Luke tersentak saat suara di ujung ponsel menyalak memanggilnya, Ia segera menyahut, "J-just.. fine. We'll talk again soon, Pa. Bye." kata pemuda itu lalu menekan tombol merah untuk memutus sambungan.
Demi Tuhan, apa yang sedang terjadi sebenarnya? Luke tanpa sadar menyembunyikan diri di balik pintu sambungan, memperhatikan dua orang yang dianggapnya sakit jiwa. Yang benar saja? Untuk apa Calum disana? Bersama Frisca? Apa dunia baru membuat mereka berdua sama-sama amnesia? Gila.
Luke melongok, melihat gadis berambut panjang disana tengah mengaduk sesuatu dalam panci mendidih. Dari aroma yang menguar, tampaknya puding cokelat.

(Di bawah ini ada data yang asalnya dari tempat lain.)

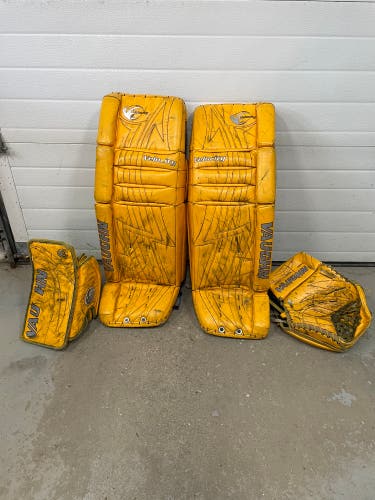 Vaughn V3 7500 Pro spec 35”/36” sport gold pads glove blocker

Tak lama Frisca melakukan gerakan kecil khasnya. Menyusupkan jumputan rambut ke belakang telinga.
Pemuda itu mengangkat kedua alis saat melihat Frisca tersenyum jengah dengan pipi bersemburat merah ke arah Calum yang diam saja di sebelahnya.

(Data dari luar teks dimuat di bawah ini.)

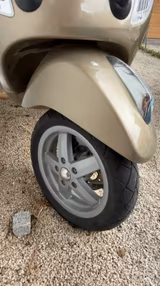 Vespa LX 50 Touring 2 Takt - VESPA LX 50 2T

Diam. Saja. Jadi buat apa sesungguhnya Calum disana?
Luke mengerutkan kening makin dalam saat tak lama Calum melipir pergi. Sementara Frisca terus mengaduk cairan pekat di dalam panci menggelegak sambil terus menatapi punggung pemuda yang menjauh membelakanginya dengan senyum tertahan.

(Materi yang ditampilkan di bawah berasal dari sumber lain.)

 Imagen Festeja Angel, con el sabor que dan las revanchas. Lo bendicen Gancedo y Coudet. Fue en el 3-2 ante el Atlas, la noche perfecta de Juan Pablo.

Gadis itu lupa ingatan atau apa? Tak ingatkah bahwa Calum yang membuatnya menangis meraung-raung waktu itu?
Luke melangkahkan kaki mendekati Frisca lalu berdeham pelan, membuat gadis itu terlonjak kaget lantas membalik badannya sambil menepuk dada.
"Tuan," sapa Frisca pelan sambil menggangguk takzim ke arah Luke, "Emm .. Butuh sesuatu?" tanyanya
Pemuda itu mengangkat alis, tanpa kata Ia berjalan mendekati lemari pendingin, lalu mencari sekaleng teh hijau.
Luke menutup pintu lemari yang sama saat Ia menemukan apa yang dicarinya, lantas berjalan lagi menuju ke arah Frisca sambil mengorek bukaan kaleng.
"I just droppin' by," kata pemuda itu seolah tak acuh lalu menyesap isi kaleng di tangannya.
Frisca mengangguk mengerti, tersenyum sekilas lalu berbalik menghadapi pancinya yang bergeleguk lagi.
"Do you mind if I ask you something?" Ujar Luke tak bisa menahan keheranan yang sudah menggantung di ujung lidahnya.
Gadis itu menoleh lewat balik bahu lalu menggeleng ragu. Mengisyaratkan tak apa baginya jika Tuan muda baik hati itu bertanya.
Luke menarik nafas, "Ada apa Calum kesini tadi?"
Frisca tersentak sekilas, lalu mengulum bibirnya. Tak lama gadis itu menggeleng ke arah Luke, "Gak ada apa-apa, Tuan." jawaban yang membuat pemuda itu otomatis mengangkat dua alisnya.